===== Data excerpts

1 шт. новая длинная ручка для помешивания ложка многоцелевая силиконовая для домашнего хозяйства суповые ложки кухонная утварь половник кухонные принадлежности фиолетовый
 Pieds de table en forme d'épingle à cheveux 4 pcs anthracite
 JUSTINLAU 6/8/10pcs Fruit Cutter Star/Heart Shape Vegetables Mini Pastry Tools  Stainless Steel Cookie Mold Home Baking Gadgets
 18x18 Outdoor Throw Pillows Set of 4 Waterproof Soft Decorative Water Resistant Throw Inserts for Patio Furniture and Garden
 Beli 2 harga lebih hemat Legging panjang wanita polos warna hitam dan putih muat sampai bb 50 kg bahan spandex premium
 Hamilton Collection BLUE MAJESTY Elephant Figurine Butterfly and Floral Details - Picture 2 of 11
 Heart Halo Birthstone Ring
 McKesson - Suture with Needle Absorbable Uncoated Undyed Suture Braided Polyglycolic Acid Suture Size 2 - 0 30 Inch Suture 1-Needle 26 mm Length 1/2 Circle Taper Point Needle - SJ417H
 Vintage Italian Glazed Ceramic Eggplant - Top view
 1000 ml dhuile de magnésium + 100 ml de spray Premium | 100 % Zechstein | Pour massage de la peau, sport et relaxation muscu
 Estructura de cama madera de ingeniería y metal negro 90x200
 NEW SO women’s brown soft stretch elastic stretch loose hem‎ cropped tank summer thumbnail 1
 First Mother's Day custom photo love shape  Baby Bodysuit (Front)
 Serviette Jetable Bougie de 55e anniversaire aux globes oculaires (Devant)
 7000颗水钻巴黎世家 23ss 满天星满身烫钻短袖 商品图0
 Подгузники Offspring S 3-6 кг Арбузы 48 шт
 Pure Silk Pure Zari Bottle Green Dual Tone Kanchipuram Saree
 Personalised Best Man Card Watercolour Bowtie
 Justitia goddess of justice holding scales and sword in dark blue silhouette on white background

==========

*Task to carry out*: Repeat the listing. Keep every character the same.

*Task response*:
1 шт. новая длинная ручка для помешивания ложка многоцелевая силиконовая для домашнего хозяйства суповые ложки кухонная утварь половник кухонные принадлежности фиолетовый
 Pieds de table en forme d'épingle à cheveux 4 pcs anthracite
 JUSTINLAU 6/8/10pcs Fruit Cutter Star/Heart Shape Vegetables Mini Pastry Tools  Stainless Steel Cookie Mold Home Baking Gadgets
 18x18 Outdoor Throw Pillows Set of 4 Waterproof Soft Decorative Water Resistant Throw Inserts for Patio Furniture and Garden
 Beli 2 harga lebih hemat Legging panjang wanita polos warna hitam dan putih muat sampai bb 50 kg bahan spandex premium
 Hamilton Collection BLUE MAJESTY Elephant Figurine Butterfly and Floral Details - Picture 2 of 11
 Heart Halo Birthstone Ring
 McKesson - Suture with Needle Absorbable Uncoated Undyed Suture Braided Polyglycolic Acid Suture Size 2 - 0 30 Inch Suture 1-Needle 26 mm Length 1/2 Circle Taper Point Needle - SJ417H
 Vintage Italian Glazed Ceramic Eggplant - Top view
 1000 ml dhuile de magnésium + 100 ml de spray Premium | 100 % Zechstein | Pour massage de la peau, sport et relaxation muscu
 Estructura de cama madera de ingeniería y metal negro 90x200
 NEW SO women’s brown soft stretch elastic stretch loose hem‎ cropped tank summer thumbnail 1
 First Mother's Day custom photo love shape  Baby Bodysuit (Front)
 Serviette Jetable Bougie de 55e anniversaire aux globes oculaires (Devant)
 7000颗水钻巴黎世家 23ss 满天星满身烫钻短袖 商品图0
 Подгузники Offspring S 3-6 кг Арбузы 48 шт
 Pure Silk Pure Zari Bottle Green Dual Tone Kanchipuram Saree
 Personalised Best Man Card Watercolour Bowtie
 Justitia goddess of justice holding scales and sword in dark blue silhouette on white background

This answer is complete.